WOODLAWN, Md (WMAR) — "He’s a powder keg about to explode and he exploded Saturday," said neighbor Vogel Hill.
That's how neighbors describe the man police say murdered three of his neighbors, injured another, and lit his home on fire, causing another to collapse. He was shot and killed by police after refusing to drop his gun early Saturday morning.
Hill said it was the horrific culmination of 20 years of issues with the suspect, 56-year-old Everton Brown.
"He’s had encounters with everyone out here. Age doesn’t matter, if you were a baby to an old person, white, black Puerto Rican, he didn’t care. He was coming after you or harassing you," said Hill.
Baltimore County Police Chief Melissa Hyatt said Brown also had numerous encounters with multiple jurisdictions over the span of 30 years including patrol officers and the Mobile Crisis Team.

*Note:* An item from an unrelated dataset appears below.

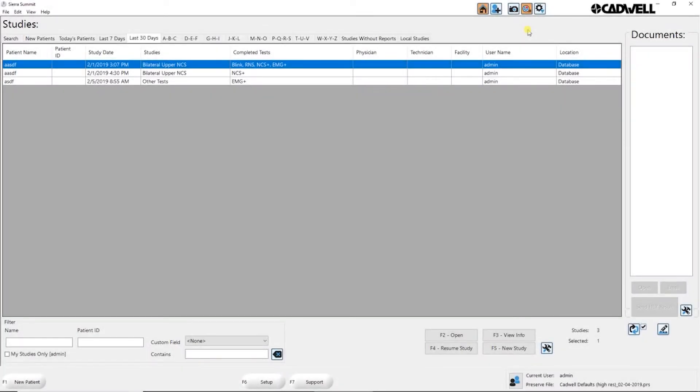This video will review some of the features of the home screen in CR Summit version 3.1. The home screen is the first screen you see when you log into the CR Summit software.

Since 2008, neighbors filed 3 peace orders against the shooter.
"This situation should have never happened because it’s not like for the past 20 years we have not been telling the home owners association. I guarantee if you look up records, Baltimore County has been out here once a month," said Hill.
He had 2 guns legally registered to him but 1 was seized in 2010 by Baltimore City Police.
Hyatt said it’s evident he suffered from some type of mental illness, but they are not aware of a diagnosis.
"This was a horrible horrific incident and we are committed to picking through every piece of evidence every report every encounter but mental illness in itself is not a crime so part of what we are doing is looking through to see could there have been points of intervention, maybe not just by police but in general with this individual," said Hyatt.
Police are asking for patience as they work through their investigation. The Mobile Crisis Team is working with the community to provide resources needed.
"This is the second time standing here with Chief Hyatt in the wake of a mass shooting that we know has some nexus to a mental health component. Each of those situations were unique but taken together they have proven that we certainly need to take a more serious look at any gaps that may exist out there," said County Executive Johnny Olszewski.